WashPost Humorist Winds Up Feminist Pal to Rip Romney As a 'Terrible, Terrible Date'

December 9th, 2012 7:58 AM

On Saturday, The Washington Post published several letters from readers who were upset by Philip Rucker's report last week on how Mitt Romney was tending his loser wounds in his "moneyed and pristine enclave of San Diego." Even when Republicans crawl away and stop criticizing Heroic Barack, they can't lay off. On Sunday, Washington Post humorist (and former Style section editor) Gene Weingarten penned a nasty column in which his feminist friend Gina Barreca ripped into Romney for creeping out single women voters, who preferred Obama.

Romney, we're told, is a "terrible, terrible date" who would be "abusive to the busboy" and grow petulant is you didn't order what he urged you to try. "I would sooner go out with Gilbert Gottfried," she insisted. As if a feminist who sizes you up as a creep from afar is a dream date? It was a rant, and it wasn't funny -- unless you're a Romney-hater:

Gene: The big issues were abortion and contraceptives.

Gina: That was the public face of the big issue. The real big issue is that Mitt Romney is a terrible, terrible date, and single women, who are forced into the perpetual ghastly state of potential date appraisal, sensed that immediately.

Gene: He is rich, handsome and genteel!

Gina: Yep, he is the guy your mom sets you up with. He looks fine on paper. And he cleans up real good. When he’s wearing a tux, no one would mistake him for a waiter. And he’s solid. You’ll never get called up in the middle of the night because he’s drunk. So, yeah, Ma approves. And you go out with him, and then you have to spend an agonizing hour trying to explain to her why it didn’t work and never will, and she is disappointed in you, and you cry. I would sooner go out with Gilbert Gottfried.

Gene: Wow.

Gina: Danny DeVito. Alan Greenspan. Flounder, from “Animal House.” Marcus Bachmann, Michele’s verrry suspiciously gay-hating husband, who at least would dance with me. I would sooner go out with Mr. Dithers, Dagwood’s boss. I’d sooner work for Mr. Dithers.

Gene: He kicks people in the rump!

Gina: At least he’s in touch with his emotions. I’d take him over Romney in the conference room and the bedroom. All you had to do was watch Romney discussing “binders full of women,” and you understood, intuitively, where women stood with him: We’re a category of thing to be held in containers and accessed when needed, roughly the same as pistachio nuts or lock washers.
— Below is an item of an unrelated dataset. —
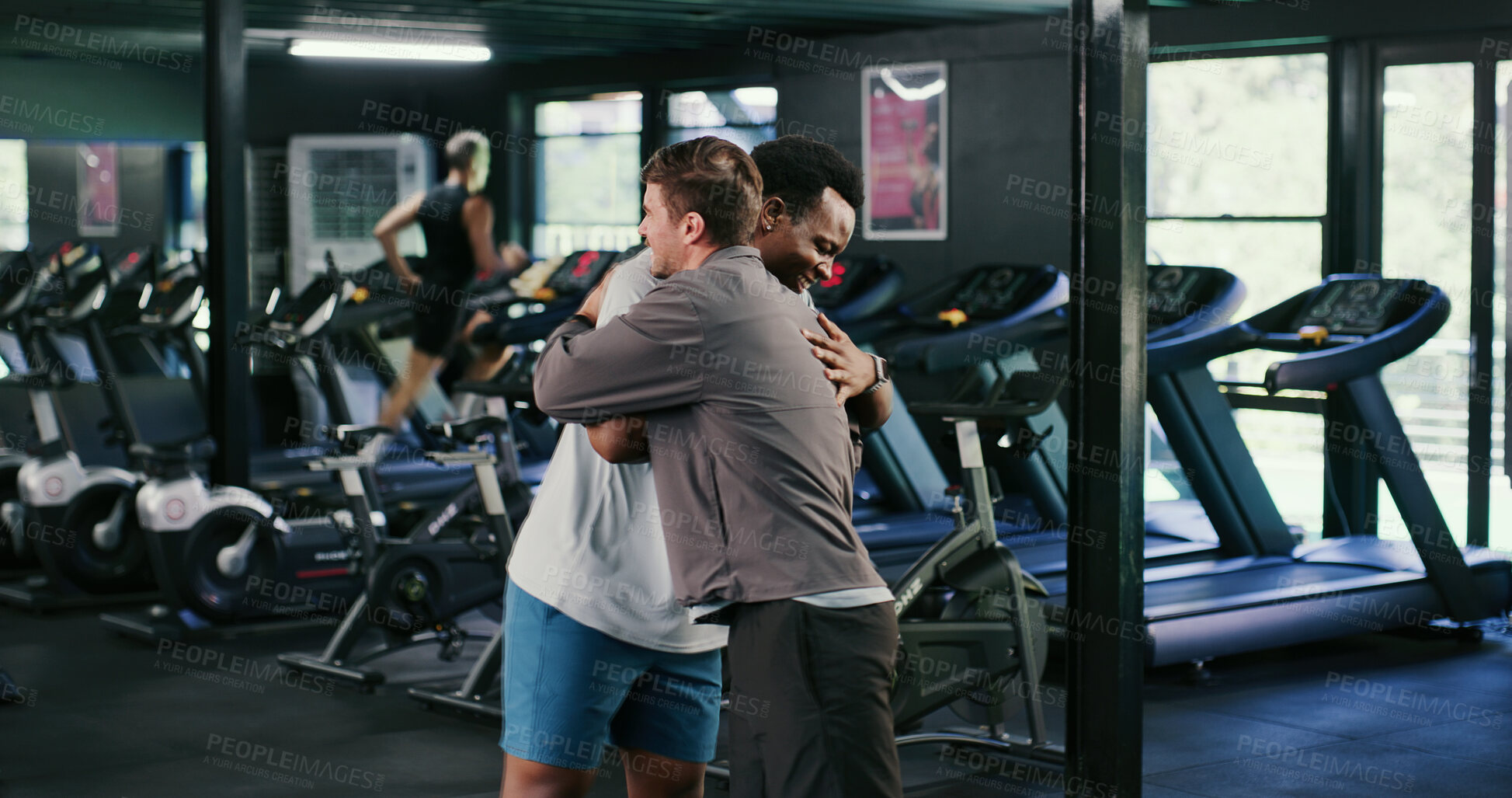 Buy stock photo Happy, men and friends in gym, hug and celebration with personal trainer for health goals or fitness. People, embrace and instructor with smile for workout milestone, athlete and support for wellness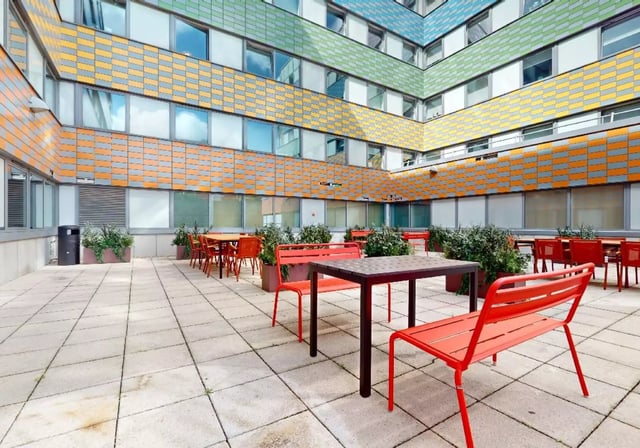 Outdoor patio with tables chairs and plants exterior at iQ Highbury in London Student Accommodation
Romney is the guy who takes you out to his club, because he’s comfortable there. Then he either orders for you or tells you what’s good and then gets petulant if you don’t order it, because he’s already TOLD you what’s good, and it’s the chateaubriand, it is NOT the pasta primavera. He’ll be chummy with the maitre d’ — he respects status — but abusive to the busboy. With you, he’ll be extremely chivalrous. He will pull out your chair. He will elaborately walk to the passenger side door, open it, seat you and close the door before getting behind the wheel, even if time is short.

Gene: What’s wrong with good manners?

Gina: Nothing, but chivalry is the opposite of good manners. It’s infantilizing. It’s contempt masquerading as politeness. The chivalrous guy is establishing roles; he is the protector, you are Limoges [porcelain]. Your job is to let him be masterful. In my experience, when you are standing on a pedestal, there’s not much room to move around. That’s by design. 

Apparently, Gina prefers dates who treat her like dirt, perhaps leave her behind to hail a cab ride home. The column ends with her joke [?] that single women voters' dream date in 2016 will be "Elizabeth Warren."

Weingarten was one of those jokesters who simply could not locate anything mock-able about Obama. When conservatives complained in September when he ripped Romney in a column titled "The returns of the zombie," he wrote a column mocking the conservatives who wanted to get at Obama's college transcripts (the way the Post published a story on Mitt's alleged high-school haircut bullying.)

In the original column, Gene imagined what Romney was hiding in his undisclosed tax returns, like: “He owns an orphanage full of children with the same organ-tissue types of all his family members.” And: “His household staff includes a jester, a food taster and, for Ann, a lady-in-waiting. He deducts the cost of whips for flogging the servants.”

This is as close as Weingarten came to an equal-time Obama joke in 2012 in remembering the elections of his lifetime:

2008, Obama  vs. McCain. In this election, America broke a barrier once thought insurmountable, as people from all walks of life transcended their differences and came together to elect a president who has dunked a basketball.